This was the first thing you said that I totally get. Everything before this was shocking to me (male58).

If a guy (husband) is being stupid, then yes disconnect. Disaster is in your future anyway so protect yourself.

If he’s not, then disconnecting becomes a sort of punishment (or at least deception) for acts not committed.


----------



## Talker67 (Apr 7, 2016)

Casual Observer said:


> It makes sense if you accept the premise that boundaries carry tit-for-tat consequences and allow for escalation without destruction of the marriage. Some of us don’t believe that crap about “but it’s YOU that I love” nonsense as having any place in a relationship. We essentially agree, in our vows, to a sort of mutually-assured-destruction scenario. Not saying that men and women don’t try to waffle out of it..


AND emotionally checking out from sex acts with your hubby seems to be an excellent way to convince yourself it is OK to cheat on him. "It is only sex, so its ok if i boff my coworker at lunchtime, it does not mean anything" sort of mindset


----------



## joannacroc (Dec 17, 2014)

The comments on here are interesting both from men and women. I will say that it might not be as common in women, but I fall on the HD end and my partners have all gone from frequent sex to less and less frequent. XH had ED and managed that by cheating to make sure "it still worked" and XBF was very LD after the initial bait and switch (we had a lot of sex at the beginning of the relationship until he got what he wanted from me - moving in) and he deflected by asking me why it was "just about sex" and coming up with wildly odd scenarios like "well if I was in an accident and couldn't have sex anymore, would you still even want to be with me? Obviously you don't love me if you only want sex from me." 

To me that deflection was the oddest. Would say porn, ED and just a very low desire in LTR are all recipes for disaster. I agree partially with the idea of people putting on weight in relationships, or changing their outlook on making themselves attractive can lessen the desire of their partner. But that just wasn't my experience really - if you think sex is just sex, then why bother with a LTR? .Is it stability you crave or love or something else? I don't really get it. I had some partners as a young adult who were casual but I just don't like how it feels to be with someone sexually who doesn't care about you at all. It's somewhat self-destructive.
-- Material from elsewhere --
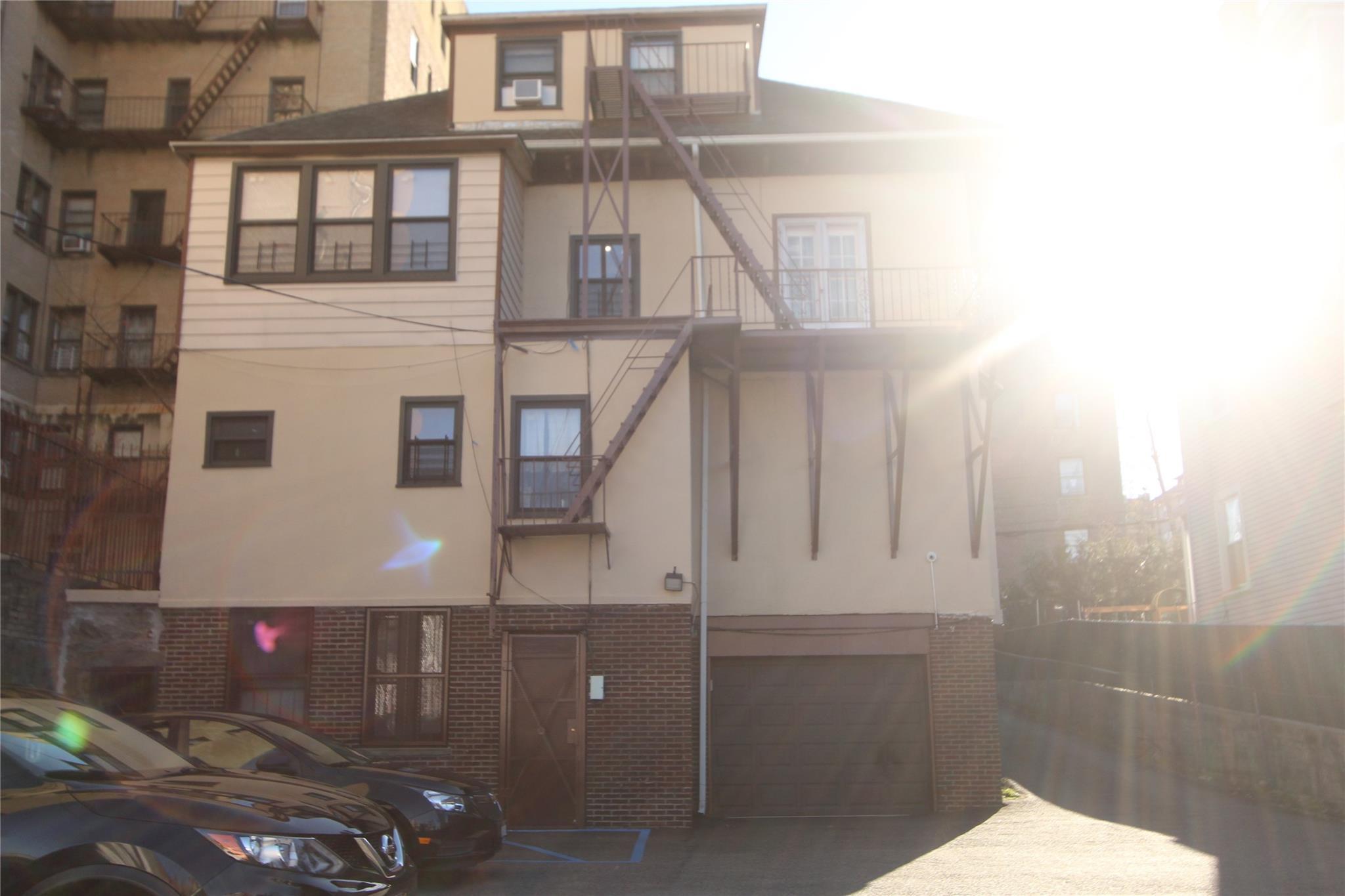 Single Family Valentine  Westchester County, NY 10705, MLS-803633-5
Seeing as how I am divorced, I have sometimes been tempted to say "f&(& it, I'm just going to go have lots of sex with people I find attractive and not worry about relationships." Then I remember that empty feeling from having sex with people I don't care about and who don't care about me and it always stops me. For some people who are LD, I would guess sex is just sex. But that could be said to be the case for HD people too - it just isn't true in my case. I wonder if there is a correlation between lack of desire and the view that "it's just sex so what's all the fuss about? what are you complaining about?"


----------



## Talker67 (Apr 7, 2016)

joannacroc said:


> The comments on here are interesting both from men and women. I will say that it might not be as common in women, but I fall on the HD end and my partners have all gone from frequent sex to less and less frequent. XH had ED and managed that by cheating to make sure "it still worked" and XBF was very LD after the initial bait and switch (we had a lot of sex at the beginning of the relationship until he got what he wanted from me - moving in) and he deflected by asking me why it was "just about sex" and coming up with wildly odd scenarios like "well if I was in an accident and couldn't have sex anymore, would you still even want to be with me? Obviously you don't love me if you only want sex from me."
> 
> To me that deflection was the oddest. Would say porn, ED and just a very low desire in LTR are all recipes for disaster. I agree partially with the idea of people putting on weight in relationships, or changing their outlook on making themselves attractive can lessen the desire of their partner. But that just wasn't my experience really - if you think sex is just sex, then why bother with a LTR? .Is it stability you crave or love or something else? I don't really get it. I had some partners as a young adult who were casual but I just don't like how it feels to be with someone sexually who doesn't care about you at all. It's somewhat self-destructive.
> 
> Seeing as how I am divorced, I have sometimes been tempted to say "f&(& it, I'm just going to go have lots of sex with people I find attractive and not worry about relationships." Then I remember that empty feeling from having sex with people I don't care about and who don't care about me and it always stops me. For some people who are LD, I would guess sex is just sex. But that could be said to be the case for HD people too - it just isn't true in my case. I wonder if there is a correlation between lack of desire and the view that "it's just sex so what's all the fuss about? what are you complaining about?"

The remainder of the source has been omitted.